▸ WORK ITEM: When copying the data below, keep only the lines from the one with "Photos avant –" through the one with "Hình ảnh răng", word for word, and skip the pictures.

▸ MATERIAL FOR THIS TASK:
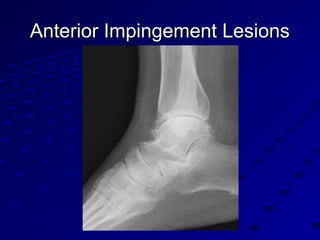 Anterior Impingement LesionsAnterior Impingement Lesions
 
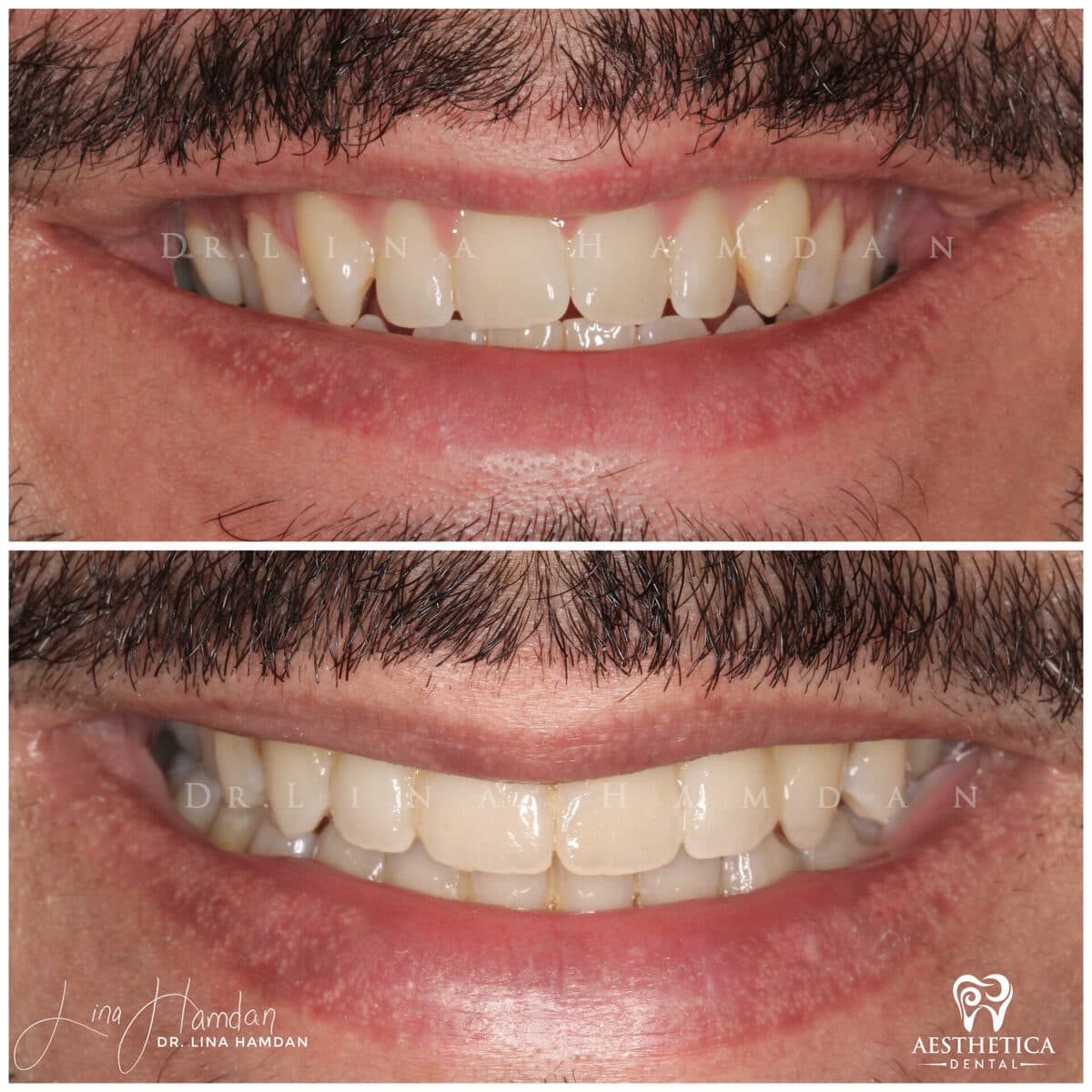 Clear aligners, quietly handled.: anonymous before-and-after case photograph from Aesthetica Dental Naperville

--

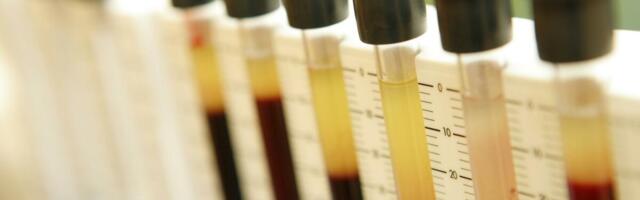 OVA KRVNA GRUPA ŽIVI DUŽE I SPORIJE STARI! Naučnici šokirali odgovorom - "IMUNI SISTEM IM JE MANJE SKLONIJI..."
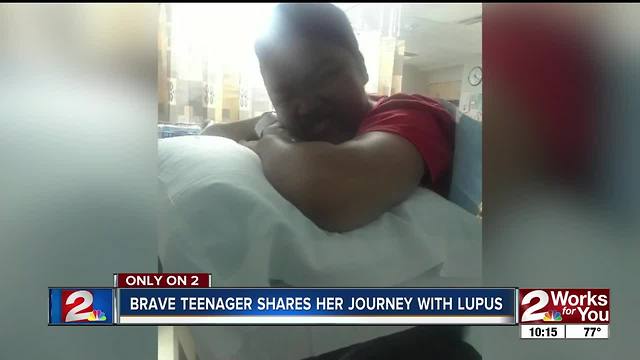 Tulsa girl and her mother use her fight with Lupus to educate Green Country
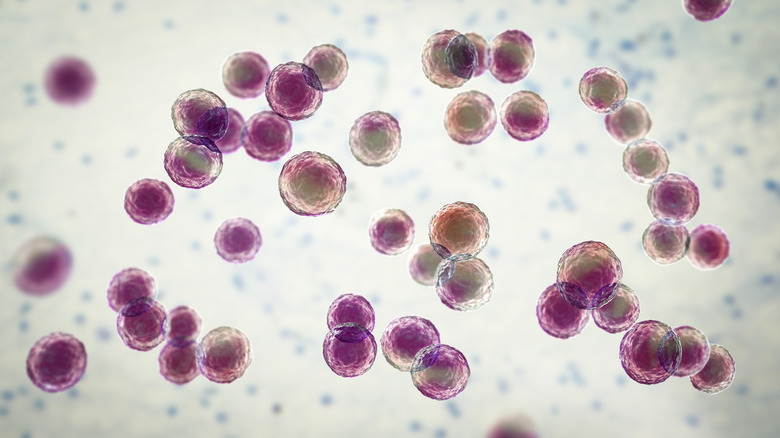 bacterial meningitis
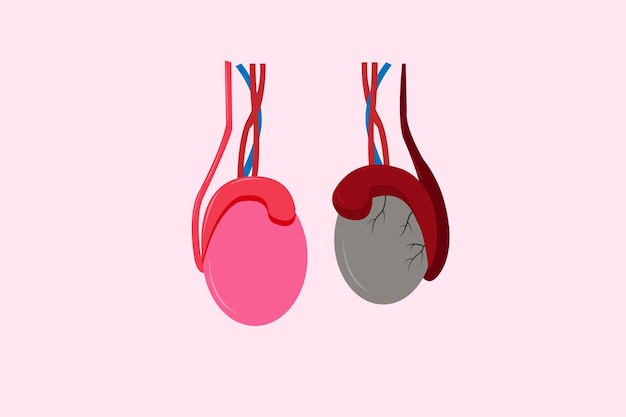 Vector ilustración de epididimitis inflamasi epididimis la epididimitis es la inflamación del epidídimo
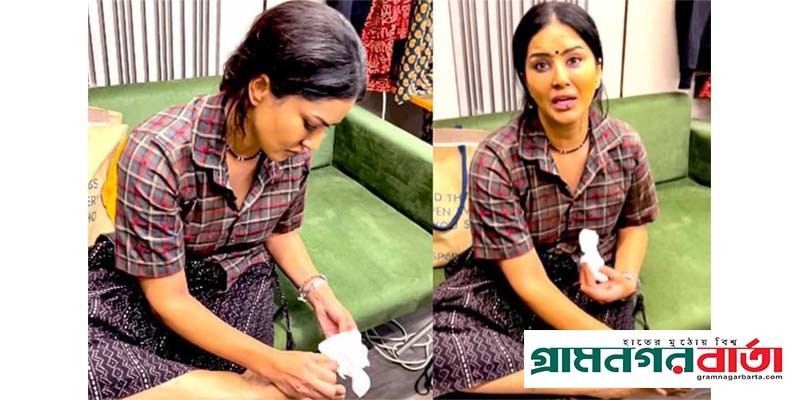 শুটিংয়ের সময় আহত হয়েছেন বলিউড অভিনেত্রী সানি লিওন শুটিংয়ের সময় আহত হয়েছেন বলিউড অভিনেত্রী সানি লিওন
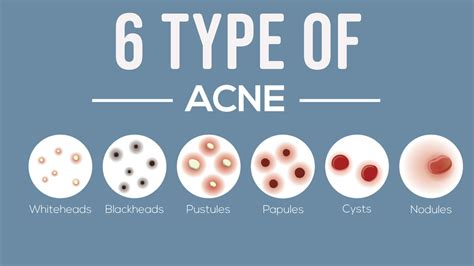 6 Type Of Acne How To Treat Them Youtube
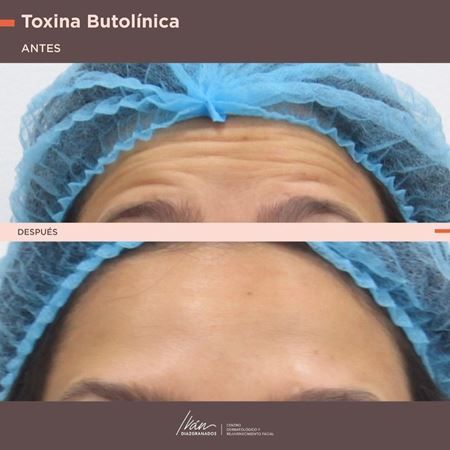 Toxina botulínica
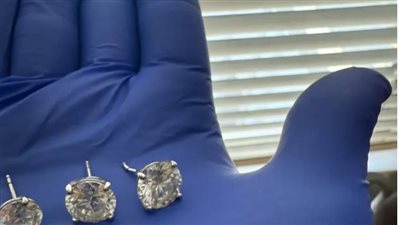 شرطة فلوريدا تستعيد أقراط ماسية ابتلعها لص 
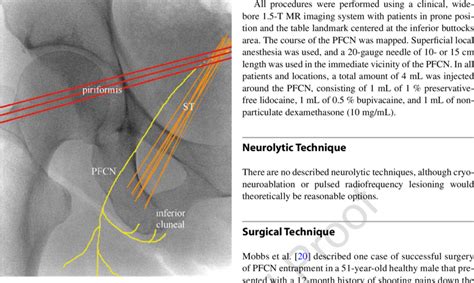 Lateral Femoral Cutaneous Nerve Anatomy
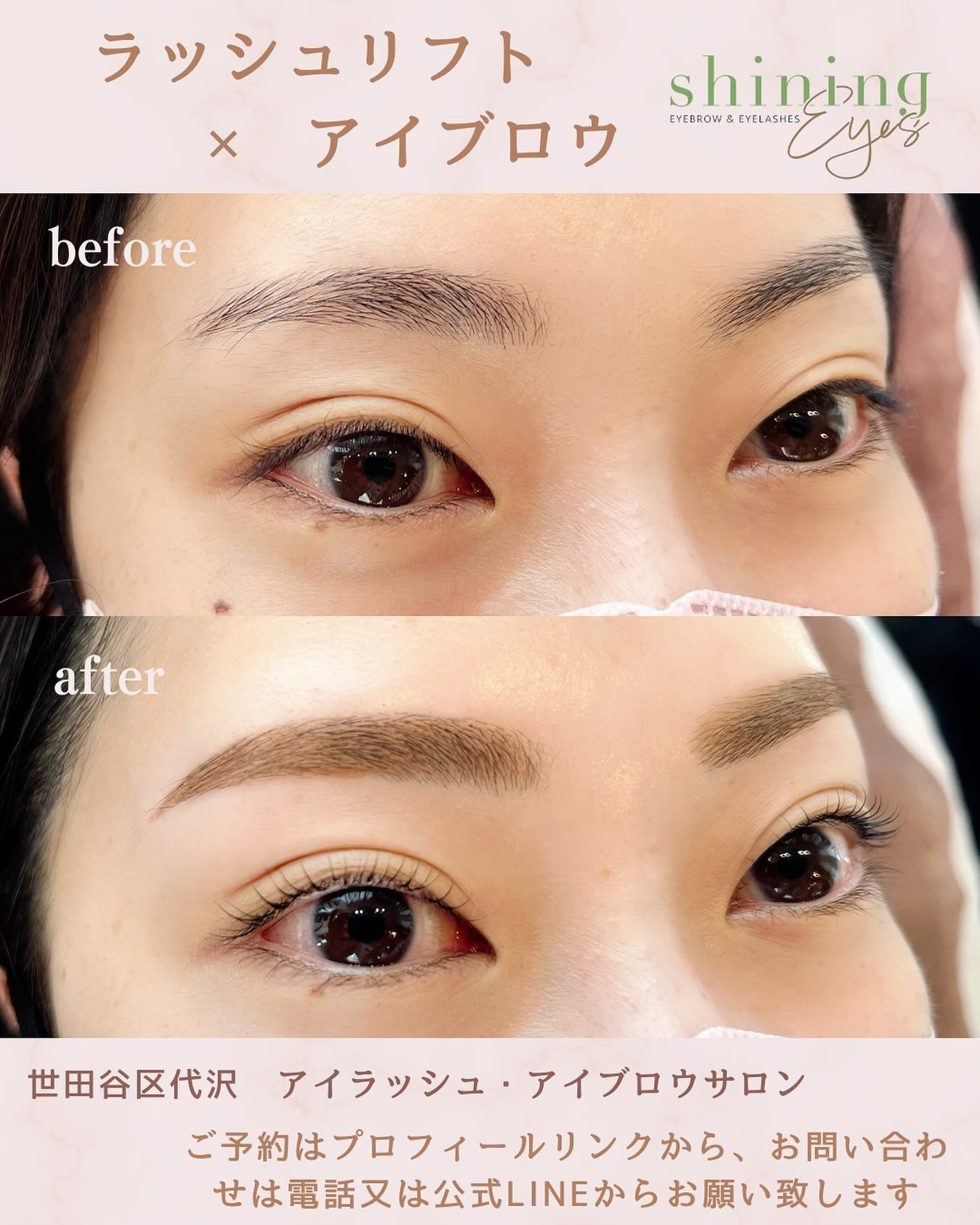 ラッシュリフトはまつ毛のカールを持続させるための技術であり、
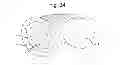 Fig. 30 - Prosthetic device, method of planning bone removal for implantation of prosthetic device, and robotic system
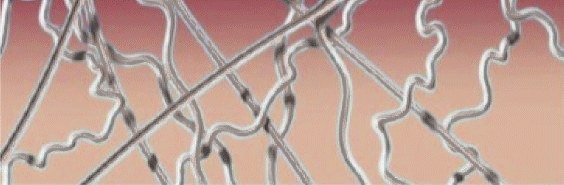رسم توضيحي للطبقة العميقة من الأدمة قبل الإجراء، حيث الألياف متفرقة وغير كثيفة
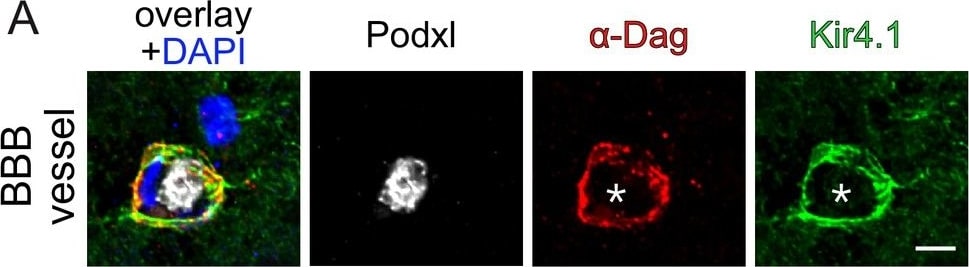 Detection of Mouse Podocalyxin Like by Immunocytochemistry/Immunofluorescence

==

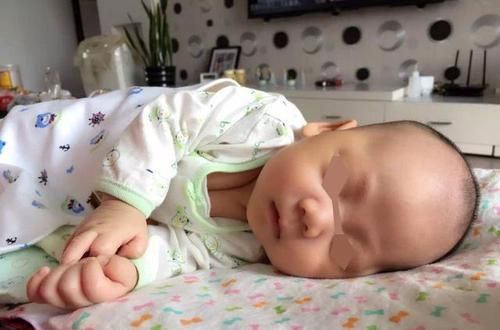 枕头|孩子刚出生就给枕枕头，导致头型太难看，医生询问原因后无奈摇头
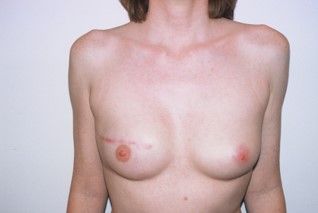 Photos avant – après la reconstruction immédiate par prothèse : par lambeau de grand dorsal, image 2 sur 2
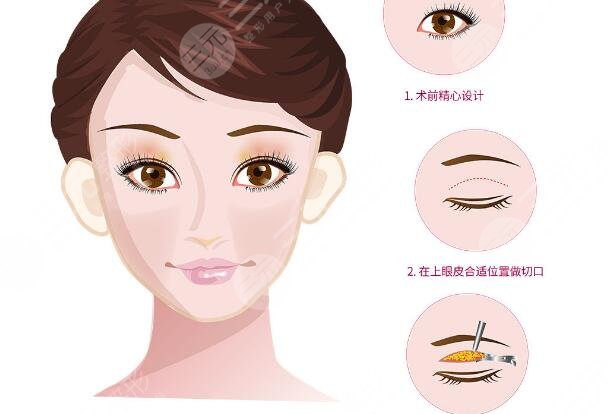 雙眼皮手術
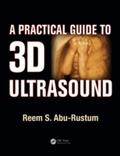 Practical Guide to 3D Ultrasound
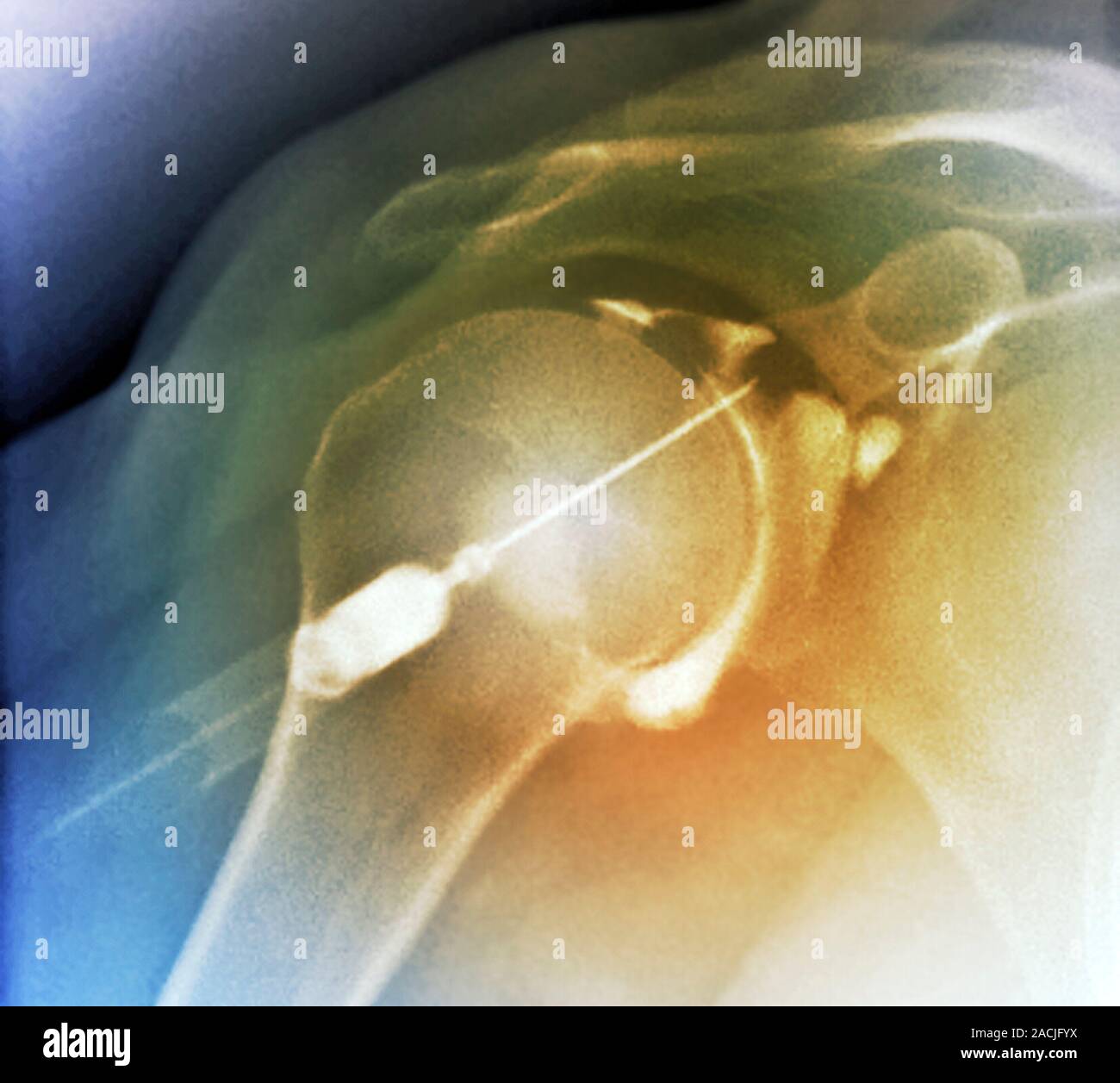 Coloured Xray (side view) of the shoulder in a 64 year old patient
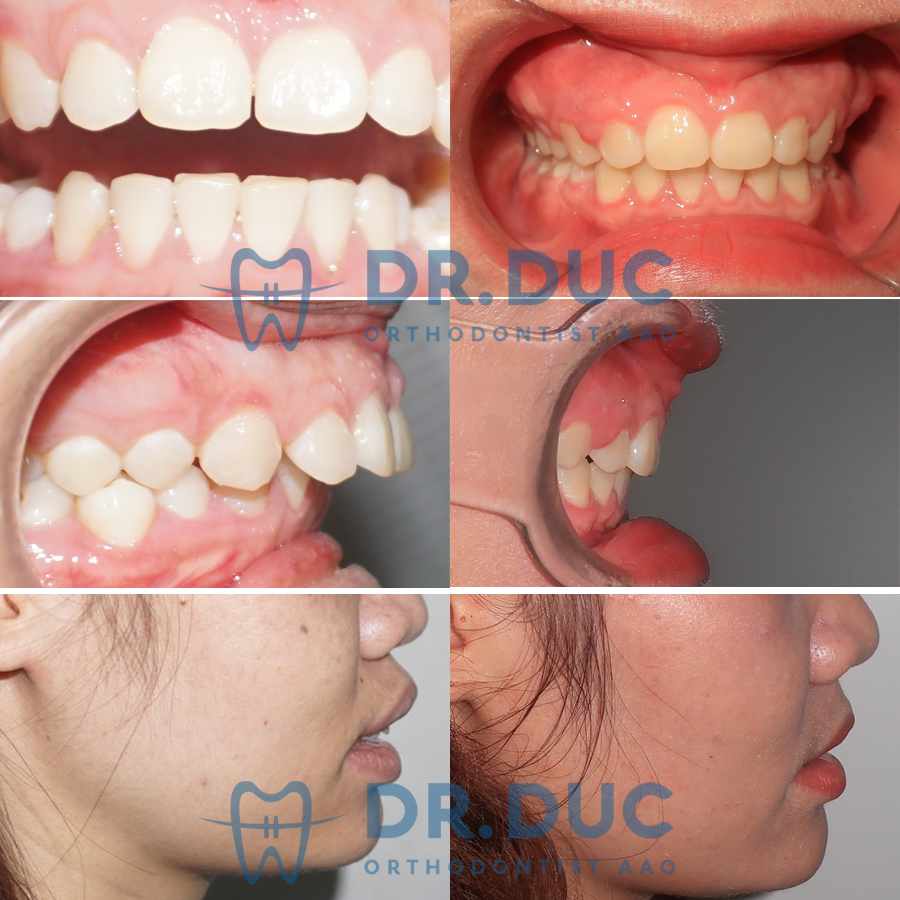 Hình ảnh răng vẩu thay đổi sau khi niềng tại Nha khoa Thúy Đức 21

▸ WRITTEN REPLY:
 Photos avant – après la reconstruction immédiate par prothèse : par lambeau de grand dorsal, image 2 sur 2
 雙眼皮手術
 Practical Guide to 3D Ultrasound
 Coloured Xray (side view) of the shoulder in a 64 year old patient
 Hình ảnh răng vẩu thay đổi sau khi niềng tại Nha khoa Thúy Đức 21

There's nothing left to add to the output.